I've been reading a lot of 1923 newspapers lately and speculation about a possible Ford presidential run is rampant. But then Harding dies and Coolidge takes over and there goes 1924. Anyway ... Ford!


This puzzle was very easy and very loose. There's no real revealer, just a lot of theme entries that are confusingly cross-referenced. I guess HENRY FORD is the closest thing to an anchor in this puzzle, along with the finished MODEL T. Anyway, it's pretty clever, the whole "literally building a MODEL T" aspect of the puzzle. Fill is solid. Clue on LORRE is super-weird—a total outlier, familiarity-wise, compared with every other answer in the grid. You can clue Peter LORRE hard, you know? Not that this LORRE isn't worth inclusion. Those are big shows he's created. It's just nutty to have a name that unfamous in an otherwise phenomenally easy puzzle.

    Really like the pairing of HOMELAND (3D: 2012 Emmy winner for Outstanding Drama Series) and TIMESLOT (83D: Bit of TV real estate)—good answers with both rotational and TV-related symmetry. Also like ART MODELL—the fact of the name in the grid, not the human. I could not care less about the human, ART MODELL. He moved the Browns, so he's usually seen as a kind of villain, except to people who care about the Ravens (the geographically limited few). I suppose he's a hero to them.
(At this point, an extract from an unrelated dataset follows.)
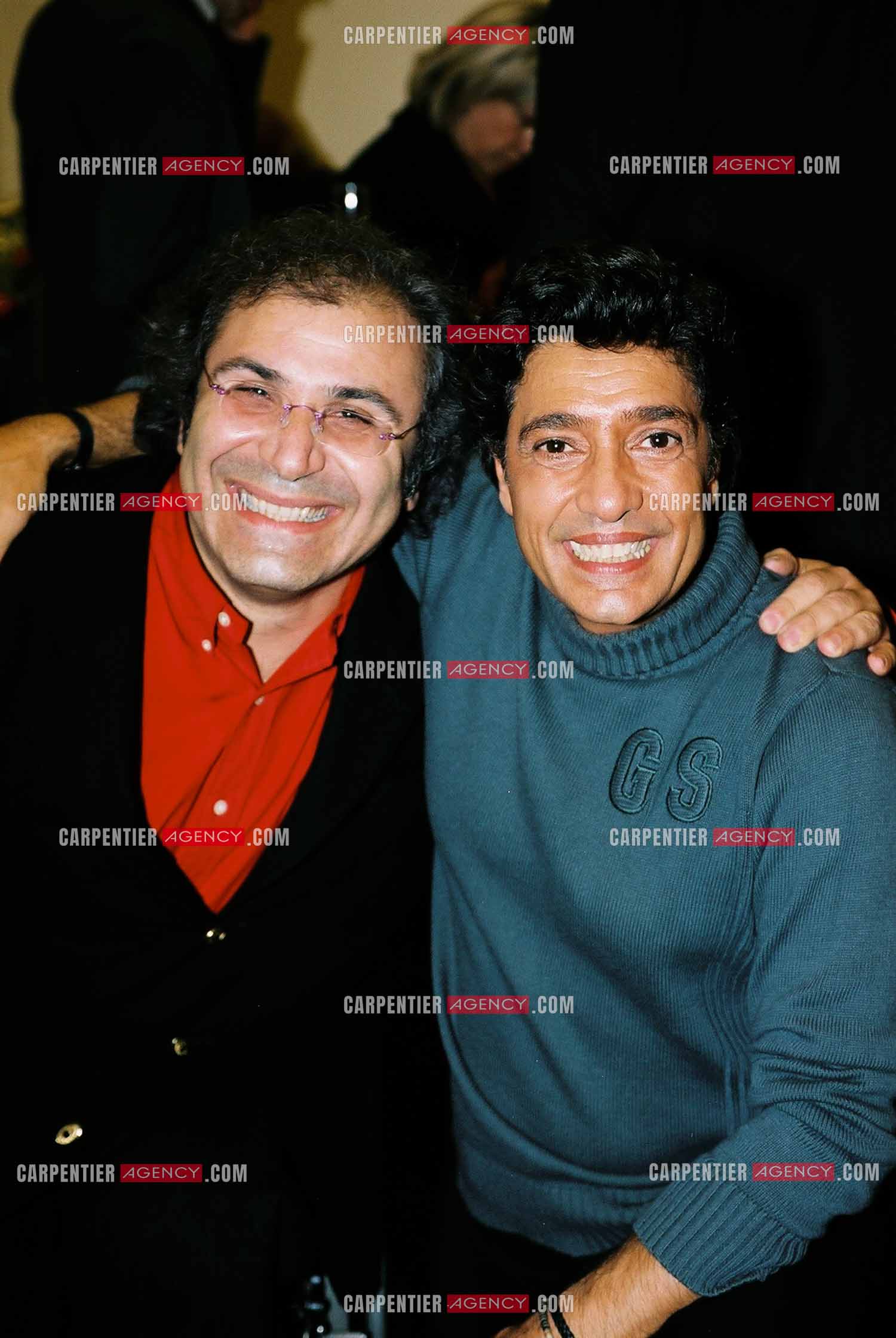 Le chanteur Frédéric François lors de son passage à l'Olympia en 2002. Frédéric et son parolier Frédéric Zeitoun. ( Exclusif )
If they can embrace Ray Lewis, they can embrace anyone (95A: N.F.L. owner who moved the Cleveland Browns to Baltimore in 1996).
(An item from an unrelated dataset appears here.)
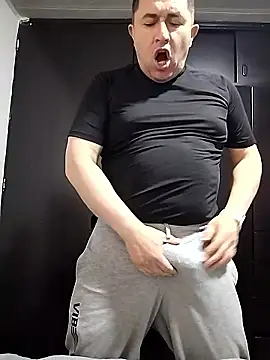 Snapshot of BigCristh79 chatting on 01-09-26, 06:53 BigCristh79 online show from 01-09-26, 06:53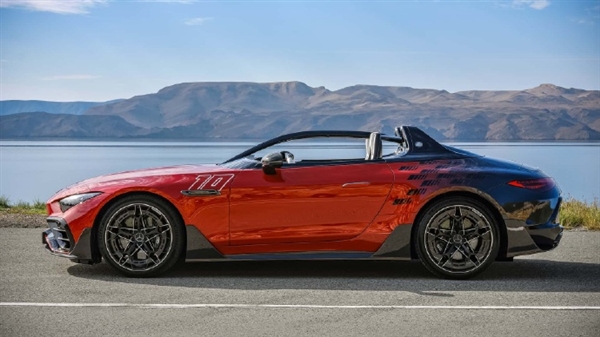 奔驰超级专属典藏座驾!AMG PureSpeed发布:V8动力 3.6秒破百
    I wrote in METEORITE instead of METEOROID, just like you (or most of you, anyway) (76D: Space rock, maybe). I loved and was a bit flummoxed by the clue onSLEEP MODE (73A: A computer may be in it). Otherwise, this puzzle offered almost no resistance. I finished in under 10—Very Fast for me on a Sunday.

    Bullets:
    • 52A: Texas athletic site (ALAMO DOME) — nice answer. This answer helped me change OUTER to the more confrontational OUTED (34D: Exposed).
    • 114A: "Feeling Good" chanteuse (SIMONE)— got this easily, though this is not a song I associate readily with her. I listen to her a lot. Maybe this once just escaped my particular record collection.
    • 47D: He wrote "I exist, that is all, and I find it nauseating" (SARTRE) — lots of great, bitchy stuff about SARTRE (and a hell of a lot of other people) in the new book "My Lunches With Orson." Highly recommended.